The tenth and final section, consisting of two essays, deals with ‘The Late Antique World’. Bruno Bureau (‘Idealised Past and Contested Tradition: Claudian’s Panegyric for the Sixth Consulate of Honorius and Prudentius’ Contra Symmachum ’, 301-310) explores the interaction of two texts written almost simultaneously in 402/403 CE. Symmachus’ pagan vision of the Roman past and his view of Trajan as a model of exemplary conduct was directly attacked by the Christian poet Prudentius. A few months later, the pagan Claudian composed his own Panegyric, which, as author shows, explains the conflict between Symmachus and Prudentius in political rather than religious terms. The reconstitution of Roman history in the 4th-6th centuries through the new topography of martyr veneration is the subject of the last essay in this volume (Dennis Trout, ‘From the Elogia of Damasus to the Acta of the Gesta Martyrum : Re-Staging Roman History’, 311-320).

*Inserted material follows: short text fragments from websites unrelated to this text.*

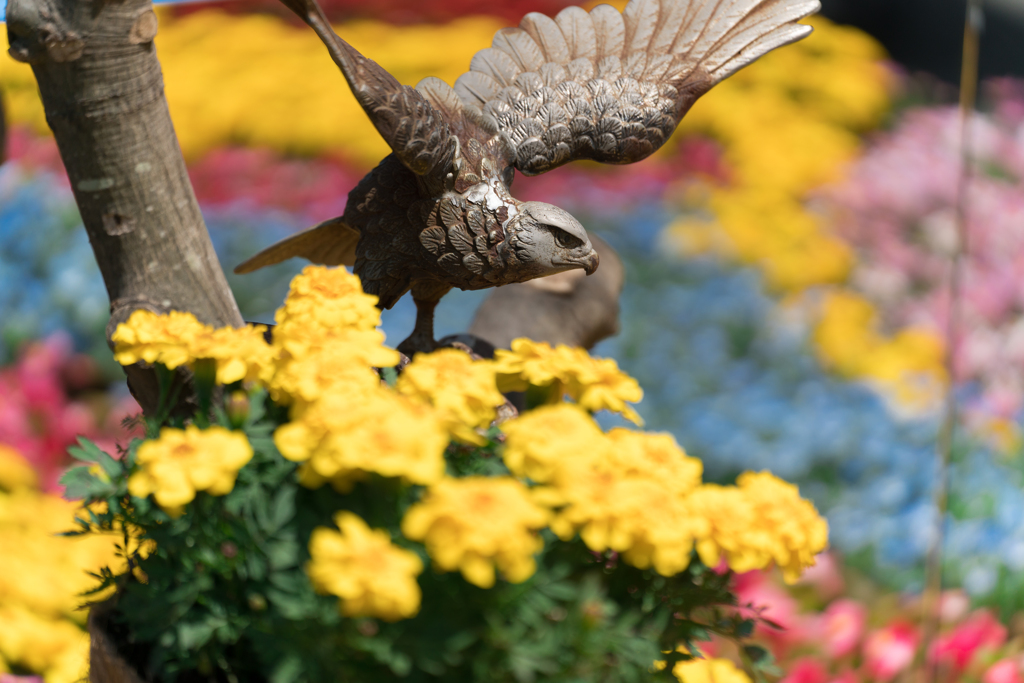 春の横浜スナップ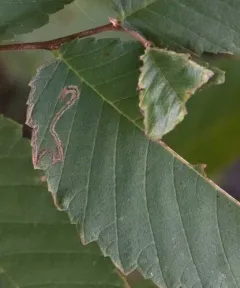 Stigmella apicialbella thumbnail 2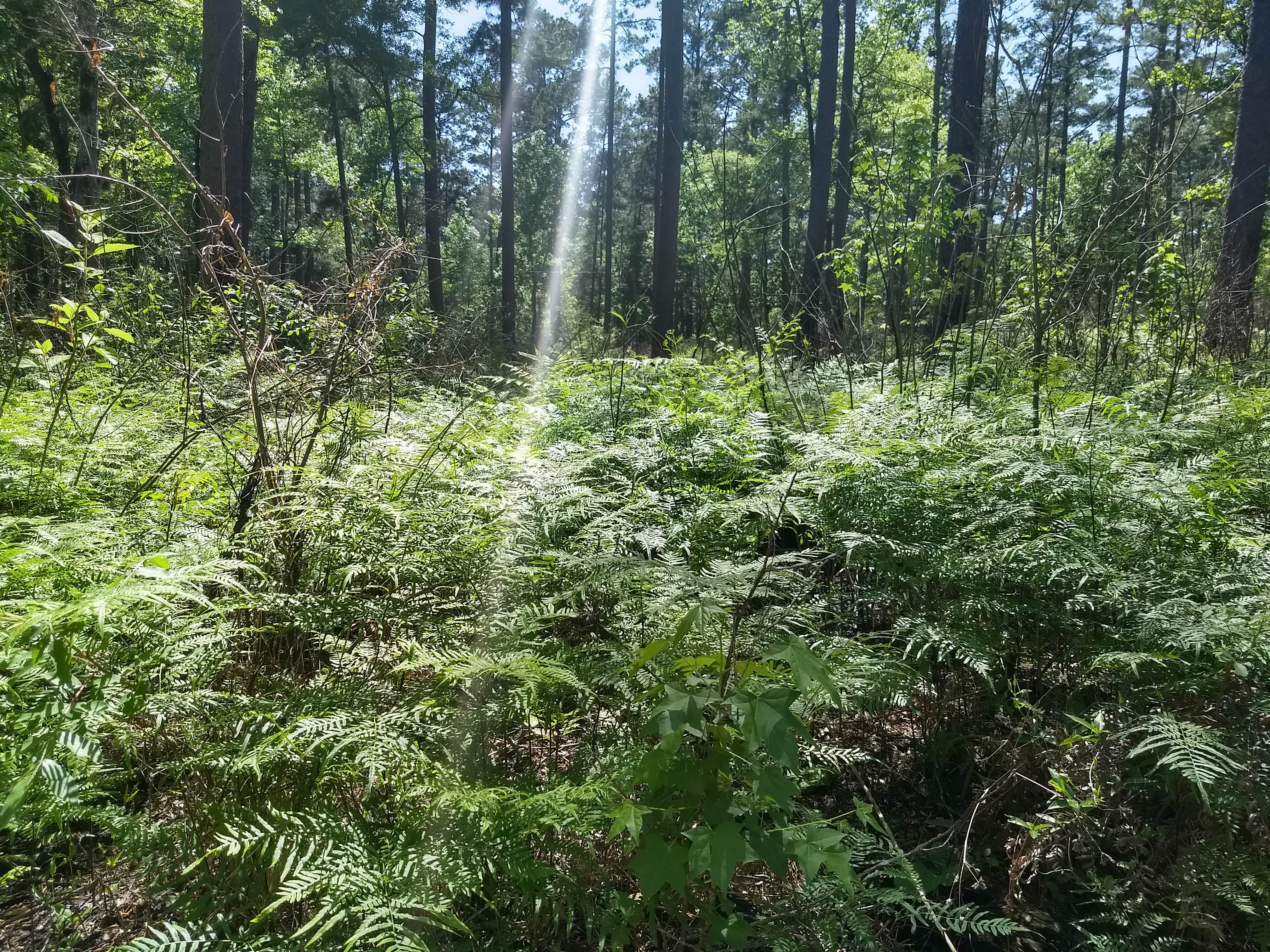 Camper-submitted photo at Kelly's Pond Campground near Huntsville, TX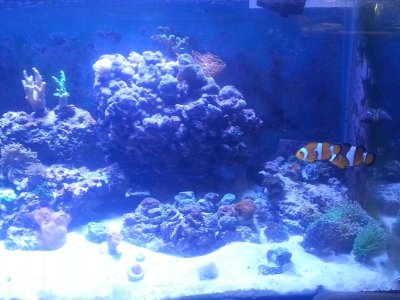 20160327_145655[1].jpg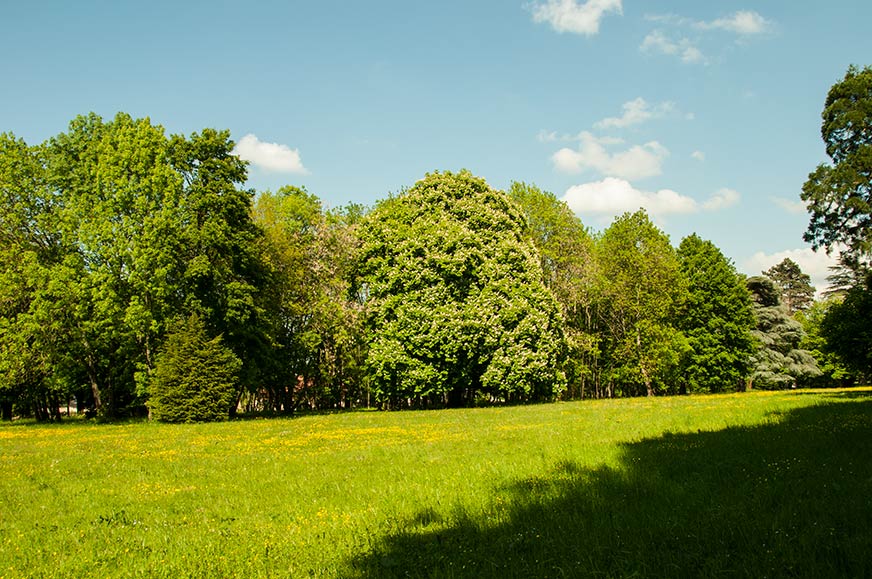 Photo: Parc des Cèdres à côté du château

To sum up, I find this book important, challenging, and stimulating. It is a fine example of a Scandinavian scholarly approach that has historically embraced new methodologies while standing firmly on the foundation of disciplined source-critical study. However, a review that lacks criticism is not to be trusted, and I therefore offer a minor objection to the way the sections of the book are organized. The principle of grouping is sometimes vague, as are the titles assigned to different sections. Perhaps this structure was based on the section and/or panel affiliation of the participants during the conference; if so, it seems rather superfluous to be preserved in the printed volume, and a different arrangement might have been more useful.


1. Jan Assmann, Das kulturelle Gedächtnis: Schrift, Erinnerung und politische Identität in frühen Hochkulturen, Munich, 1992; and Cultural Memory and Early Civilization: Writing, Remembrance, and Political Imagination, Cambridge University Press, 2011.

2. Maurice Halbwachs, La Topographie légendaire des évangiles en terre sainte: étude de mémoire collective, Paris, Presses Universitaires de France, 1941.